Lembaga Mirip KPK, Densus Tipikor Butuh Anggaran Rp 2,6 Triliun

Laily Rachev - Biro Pers Setpres
Kapolri Jenderal Tito Karnavian mengatakan kebutuhan anggaran terbesar Densus Tipikor untuk pembentukan sistem dan kantor.
Penulis: Dimas Jarot Bayu
Editor: Yuliawati
12/10/2017, 18.26 WIB

Kepala Kepolisian RI (Kapolri) Jenderal (Pol) Tito Karnavian menyebut pihaknya membutuhkan anggaran senilai Rp 2,6 triliun untuk membentuk Detasemen Khusus Tindak Pidana Korupsi (Densus Tipikor). Densus Tipikor akan menangani khusus kasus korupsi seperti halnya Komisi Pemberantasan Korupsi (KPK).

Tito mengatakan anggaran tersebut terdiri dari anggaran belanja pegawai, barang, dan modal. Densus Tipikor yang akan terdiri dari 3560 orang membutuhkan belanja pegawai sebesar Rp 786 miliar.

Sementara, untuk belanja barang terdiri dari operasional Densus Tipikor Polri, baik dalam proses penyelidikan dan penyidikan diperkirakan membutuhkan anggaran sebesar Rp 359 miliar. "Selain itu untuk belanja modal Rp 1,55 triliun, termasuk pembentukan sistem dan kantor, pengadaan alat-alat untuk lidik, surveillance, penyidikan dan lain-lain," kata Tito di Kompleks Parlemen, Jakarta, Kamis (12/10).

Tito menuturkan, pegawai Densus Tipikor nantinya akan digaji dengan sistem yang diterapkan di KPK yang menggunakan sistem adcost, bukan sistem indeks yang seperti selama ini digunakan.
"Ini pengkajian yang dilakukan KPK yang bisa diterapkan Densus Tipikor," kata Tito.

(Baca: Mabes Polri Akan Dalami Kasus Suap Uber Terhadap Aparat Polisi)

Tito mengatakan, usulan ini sudah disampaikan pula ke Kementerian Pendayagunaan Aparatur Negara dan Reformasi Birokrasi (Kemenpan-RB). Hal ini juga telah diusulkan kepada Presiden Joko Widodo agar segera dibahas dalam Rapat Terbatas (Ratas) di Istana Negara.

"Kami mohon kepada Komisi III kiranya dapat juga mendukung pemerintah untuk mempercepat pembentukan Densus ini," kata Tito.

Tito mengatakan, kepolisian telah membuat struktur untuk Densus Tipikor yang akan dibawahi oleh polisi berpangkat bintang dua. Selain itu, akan dibentuk Satuan Tugas Tipikor di berbagai wilayah Indonesia.

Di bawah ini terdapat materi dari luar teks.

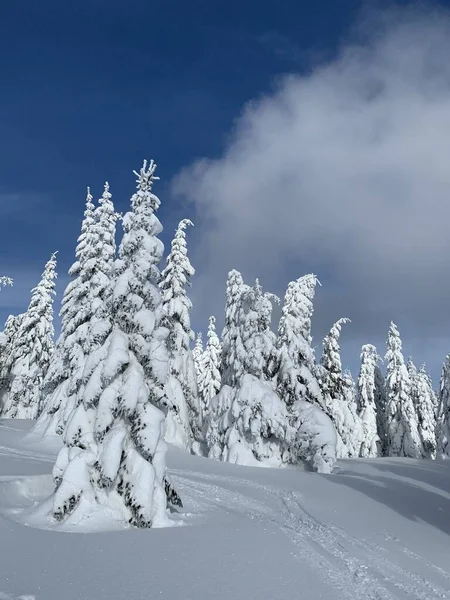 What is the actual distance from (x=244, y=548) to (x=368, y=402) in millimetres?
42839

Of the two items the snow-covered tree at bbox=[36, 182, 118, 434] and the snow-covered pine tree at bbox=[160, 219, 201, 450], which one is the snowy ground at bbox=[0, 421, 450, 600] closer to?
the snow-covered tree at bbox=[36, 182, 118, 434]

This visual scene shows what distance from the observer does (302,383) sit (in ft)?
91.4

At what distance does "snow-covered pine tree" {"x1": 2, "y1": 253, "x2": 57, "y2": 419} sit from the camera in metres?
44.3

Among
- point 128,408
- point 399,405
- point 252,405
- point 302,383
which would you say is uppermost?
point 399,405

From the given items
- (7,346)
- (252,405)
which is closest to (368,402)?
(252,405)

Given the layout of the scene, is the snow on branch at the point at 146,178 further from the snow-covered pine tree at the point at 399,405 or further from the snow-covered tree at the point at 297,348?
the snow-covered pine tree at the point at 399,405

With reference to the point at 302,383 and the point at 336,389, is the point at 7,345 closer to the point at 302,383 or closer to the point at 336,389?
the point at 336,389

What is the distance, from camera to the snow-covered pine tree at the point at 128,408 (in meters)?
11.9

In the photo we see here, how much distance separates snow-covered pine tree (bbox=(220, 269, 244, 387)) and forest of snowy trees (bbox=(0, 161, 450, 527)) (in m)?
0.10

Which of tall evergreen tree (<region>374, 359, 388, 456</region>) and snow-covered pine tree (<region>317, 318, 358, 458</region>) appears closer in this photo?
snow-covered pine tree (<region>317, 318, 358, 458</region>)

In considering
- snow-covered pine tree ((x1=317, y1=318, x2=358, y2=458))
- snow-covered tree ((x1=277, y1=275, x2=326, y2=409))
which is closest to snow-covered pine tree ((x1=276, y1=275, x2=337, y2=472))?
snow-covered tree ((x1=277, y1=275, x2=326, y2=409))

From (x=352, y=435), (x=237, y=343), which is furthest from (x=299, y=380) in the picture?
(x=352, y=435)

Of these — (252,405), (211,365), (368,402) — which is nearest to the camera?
(252,405)

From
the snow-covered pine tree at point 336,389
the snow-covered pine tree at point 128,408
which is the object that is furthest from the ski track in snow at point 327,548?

Tito berharap, Densus Tipikor dapat mengadopsi sistem penuntutan satu atap seperti yang dilakukan KPK. Sehingga, penyidik dan jaksa bisa berada di satu lokasi yang sama. 

Selama ini, tempat penyidik polri terpisah dengan jaksa dari Kejaksaan Agung. Hal ini kerap menyulitkan polisi dalam mengusut suatu perkara karena prosesnya yang panjang. "Kami sudah siapkan tempat untuk satu atap di eks Polda Metro Jaya," kata Tito.

Kendati demikian, jika usulan tersebut tak diterima Tito berharap agar jaksa dapat melekat. "Tanpa mengurangi kewenangan teman-teman dari kejaksaan agung, ini agar tidak terjadi perkara bolak-balik," ucap Tito.

Sebelumnya, Jaksa Agung M Prasetyo menolak usulan bergabung dengan Densus Tipikor. Menurut Prasetyo, ada kekhawatiran Kejagung dianggap bersaing dengan KPK jika bergabung dengan Densus Tipikor.

Terlebih belum ada dasar hukum penyatuan Polri dan Kejaksaan dalam satu lembaga pemberantasan korupsi. Alhasil Kejaksaan memilih tetap berpegang pada KUHAP yang mengatur bahwa Kejaksaan menerima hasil penyelidikan dan penyidikan dari Polri untuk diproses.

Prasetyo juga menilai seharusnya seluruh fungsi penuntutan tindak pidana dikembalikan ke kejaksaan. Hal itu mengacu pada Undang-Undang Nomor 16 Tahun 2004 tentang Kejaksaan. "Kalau kenyataannya undang-undang seperti itu ya kami laksanakan," kata Prasetyo.